Das Ganze kulminiert in dem Ereignis vom letzten Wochenende. Da muss man doch einmal fragen: Welche Deutungen lässt dieses Ereignis zu? Die Frage, warum keiner aus der nordrheinwestfälischen CDU in der Ministerriege des Bundes vertreten ist, war ja wohl auch der Auslöser für die heutige Debatte und für die berechtigten Nachfragen.

Die erste Interpretation, meine Damen und Herren, ist die: Der Ministerpräsident hat es gar nicht bei Frau Merkel probiert, weil er wusste, dass er keinen Erfolg hat, keinen Erfolg haben kann. Das ist eine politische Haltung der Resignation.

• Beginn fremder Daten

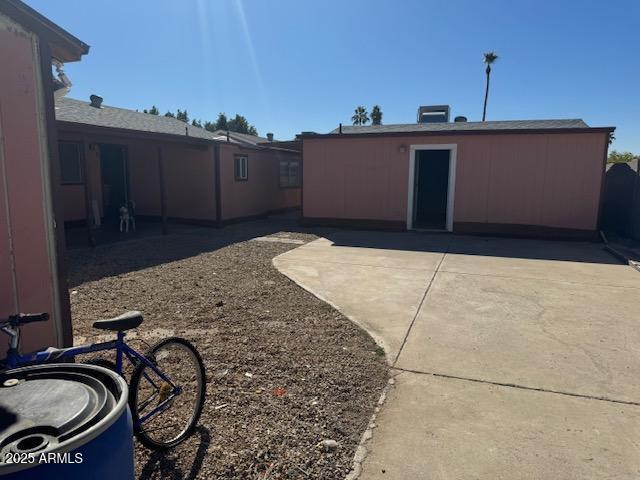 view of yard with a patio and fence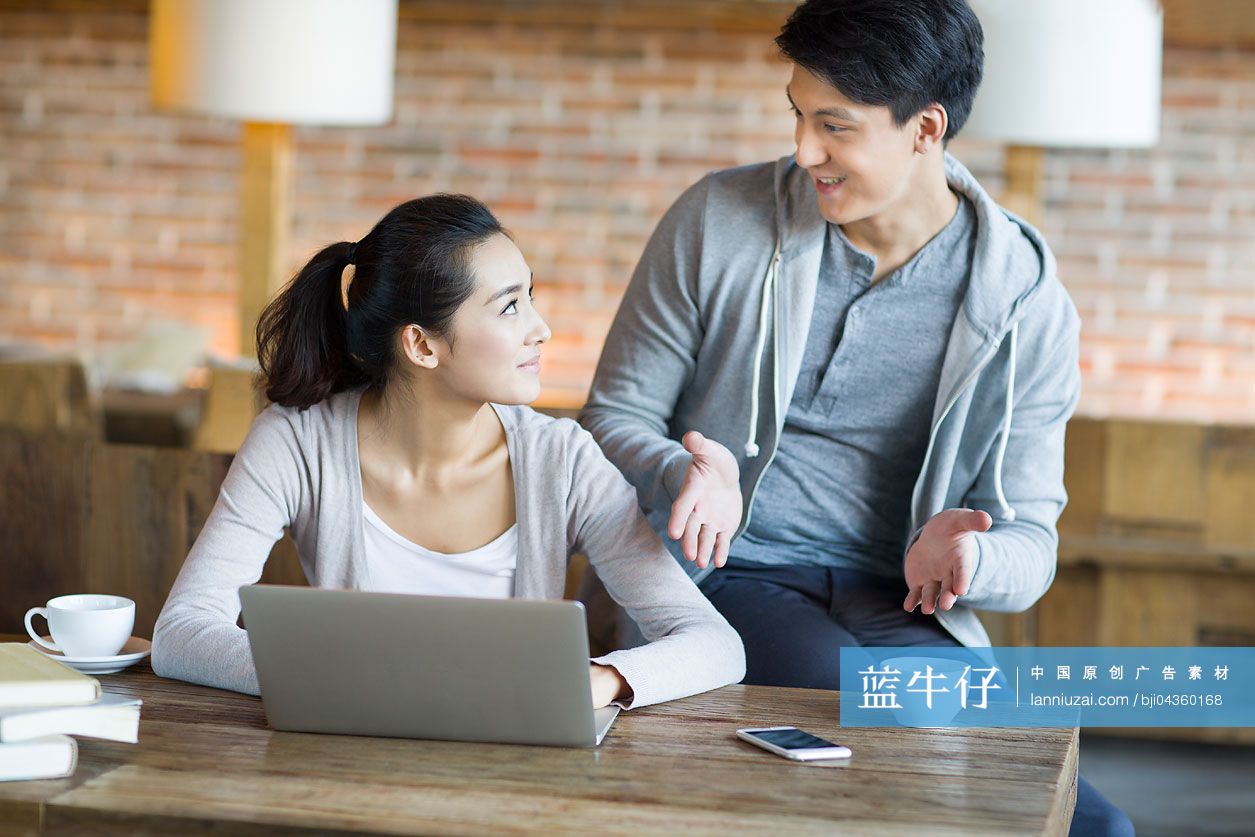 年轻情侣在咖啡馆使用笔记本电脑-蓝牛仔影像-中国原创广告影像素材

(Minister Eckhard Uhlenberg: Absoluter Fachmann!)

Das zweite Erklärungsmuster sieht so aus: Sie haben es nicht probiert, weil Sie so sicher waren, dass Sie berücksichtigt werden. Sie haben ja in Ihren Interviews am Tag selber noch Entsprechendes behauptet. Das aber zeugt davon, dass Sie eine politische Grundhaltung der Ahnungslosigkeit beziehungsweise eine politische Guck-indie-Luft-Haltung an den Tag legen.

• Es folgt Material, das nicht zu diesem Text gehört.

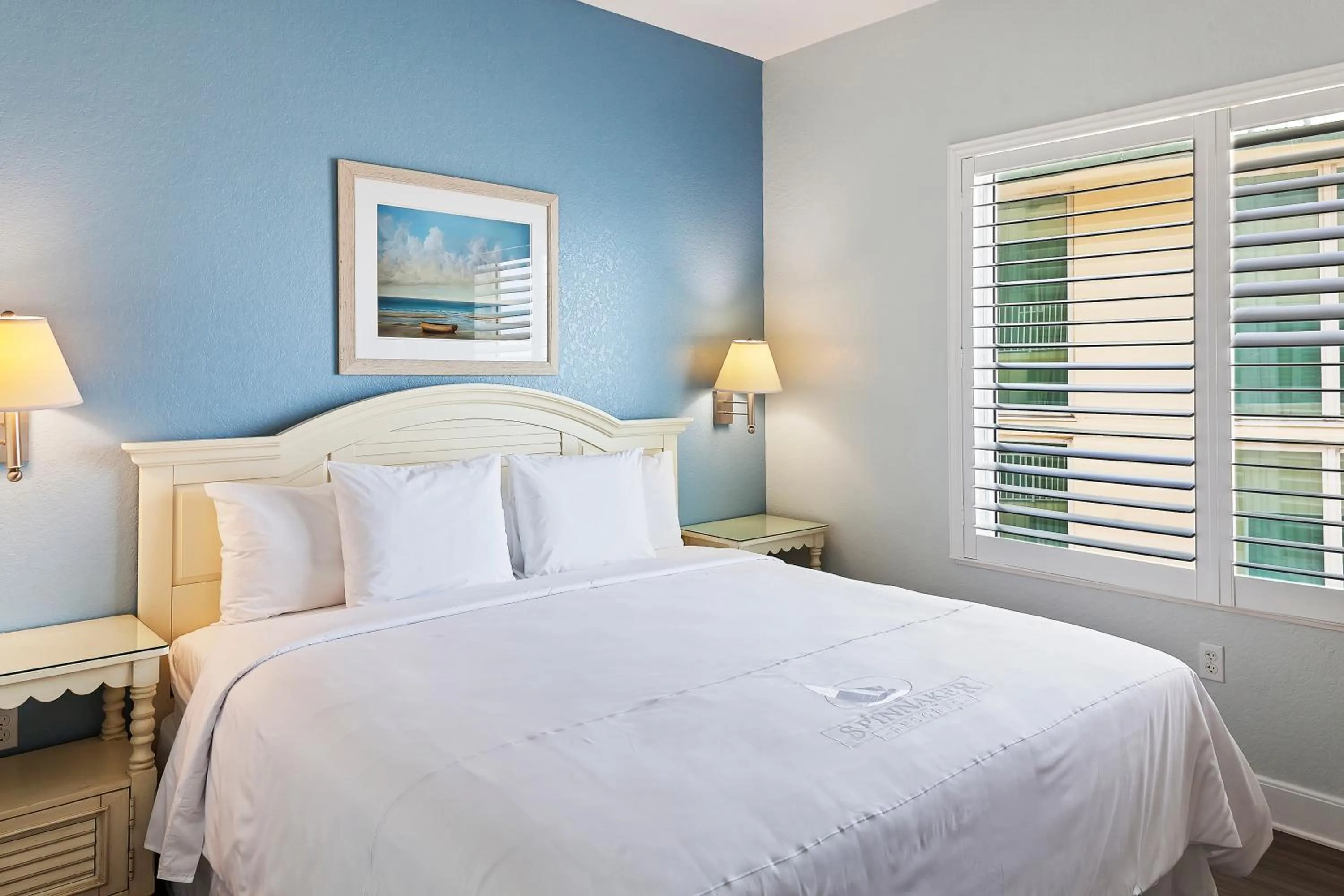 Bed in Royal Floridian Resort South by Spinnaker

Das dritte mögliche Erklärungsmuster heißt: Sie haben es probiert, aber Sie haben eine Abfuhr bekommen. Dann üben Sie sich in öffentlicher Beschwörungsrhetorik.

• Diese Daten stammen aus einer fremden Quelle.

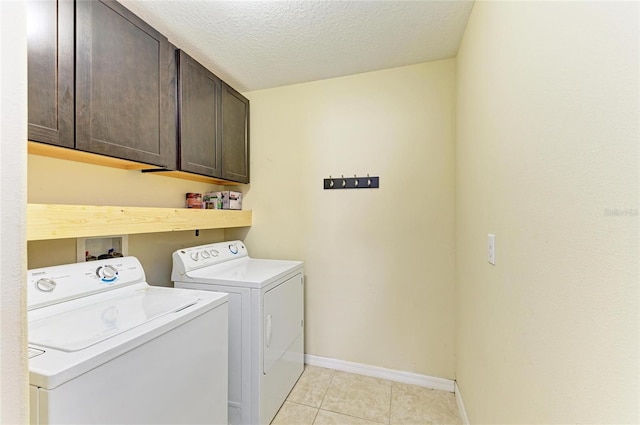 1912 Hawks View Dr, Ruskin, FL 33570 - laundry area featuring light tile patterned floors, a textured ceiling, washer and dryer, baseboards, and cabinet space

Alle drei möglichen Deutungen dokumentieren, dass Nordrhein-Westfalen gegenüber dem Bund eben keinen starken und durchsetzungsfähigen Ministerpräsidenten hat.

(Beifall von GRÜNEN und SPD - Zurufe von der CDU)

- Nein, Nordrhein-Westfalen hat eben keinen solchen starken Ministerpräsidenten. Sie haben das Bild eines Büttels abgegeben, eines - im doppelten Sinne - Briefbeschwerers von Frau Merkel.

(Beifall von den GRÜNEN)

Deshalb müssen Sie sich auch heute hier erklären.

Dann haben Sie sich, weil keiner gerne ein Büttel sein will, überlegt, wie Sie dem Publikum und Frau Merkel gleich noch dazu deutlich machen könnten, dass Sie eben keiner sind.

Deshalb ist dieser Brief entstanden. Der Charakter des Papiers - verzeihen Sie mir - aber zeigt doch eher Ihre Hilflosigkeit, Ihre Machtlosigkeit.